**TASK:**
Once the line holding "Hello students. Today" is found in the entries below, transcribe exactly every line up to and including the one holding "Hello, this is", but leave out the pictures.
DATA EXTRACTS section start
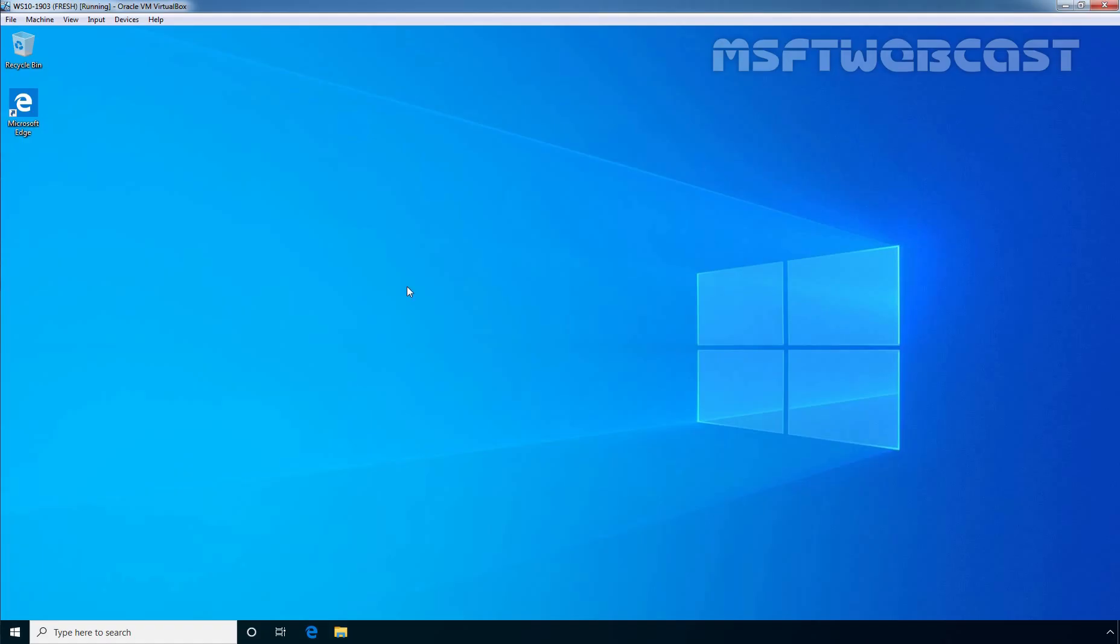This Windows 10 computer is part of our Active Directory domain named Mailbox Local. We have already logged into the system using the credential of our Active Directory user account Baraj Sarma. On this computer, we want to configure Outlook client 2013, and for that we need to open Outlook 2013.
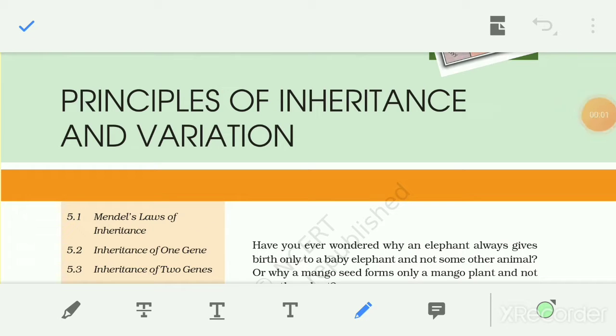Hello students. Today we study about principles of inheritance and variation.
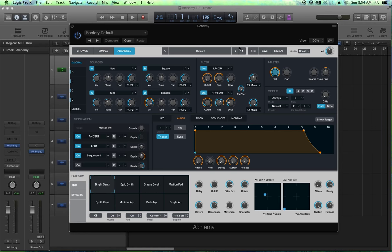Hello, this is MusicTechHelpGuy. Welcome to part 10 of my Alchemy tutorial series in Logic Pro X.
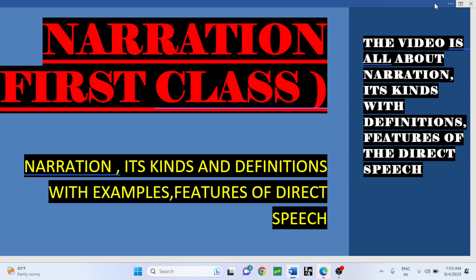Dear students, welcome once again to my channel. Hope you are in sound health at home. There has been no video from me on my channel for a long time in English language regarding grammatical topics, so today I'm going to make the compensation for all of you.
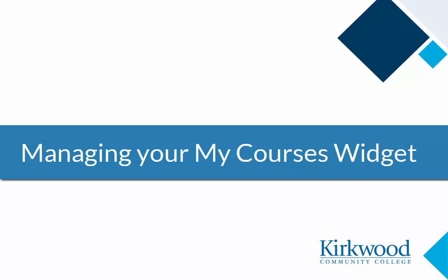In this video, we will demonstrate how to pin and unpin courses on your homepage, as well as changing course images.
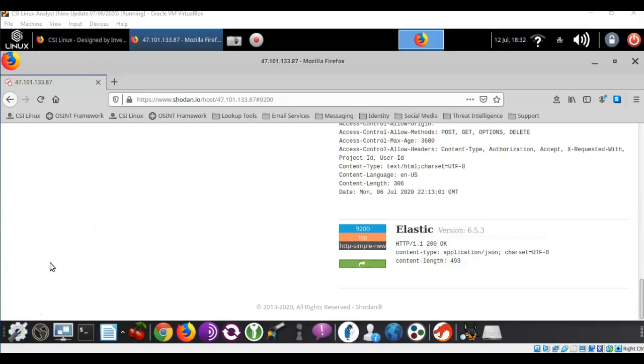In this short video presentation we looked at just two well-known database types that do not require authentication. Now there are other databases out there as well and there's also a lot of different devices on the internet that have not been configured for authentication or are using the default authentication that comes out of the box. So you can search for this information for your client or if you're conducting some type of digital forensics investigation to get to the answer of why something happened and how it could have been prevented.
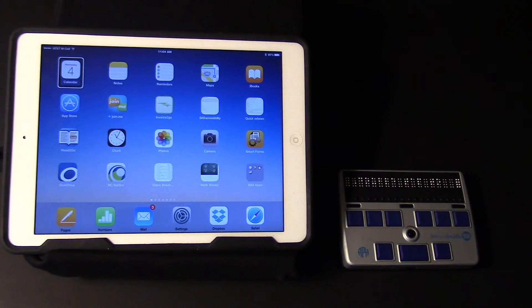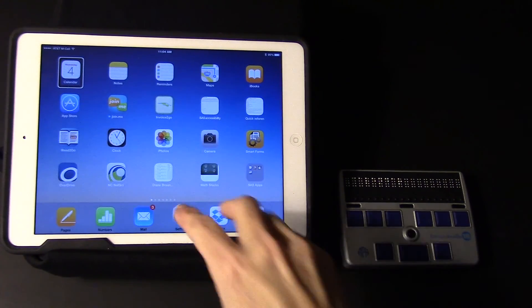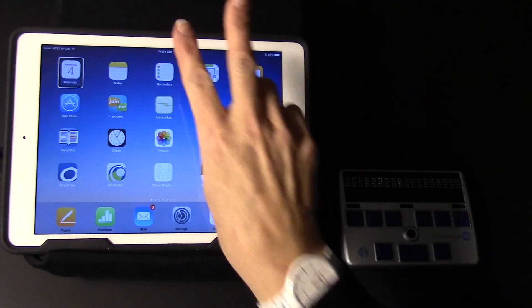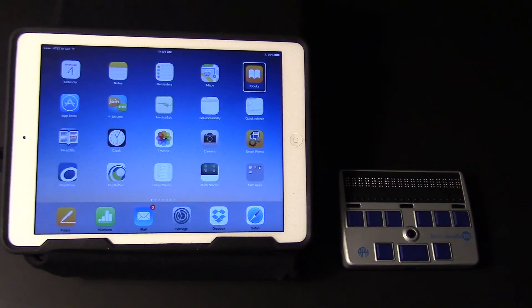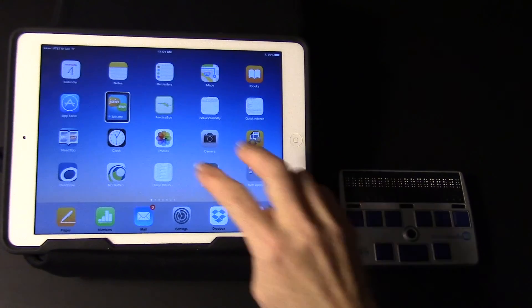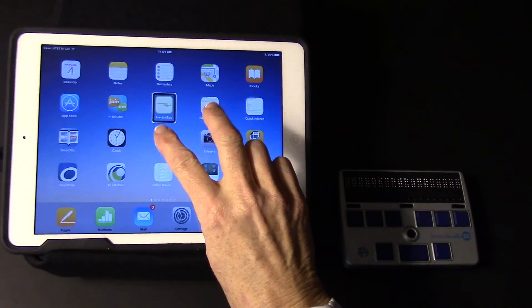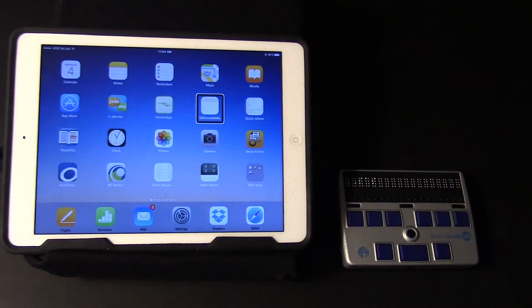To read the entire page starting at the top, I'm going to do a two-finger flick up. A two-finger single tap will pause the reading.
DATA EXTRACTS section end
**ANSWER SECTION:**
Hello students. Today we study about principles of inheritance and variation.
Hello, this is MusicTechHelpGuy. Welcome to part 10 of my Alchemy tutorial series in Logic Pro X.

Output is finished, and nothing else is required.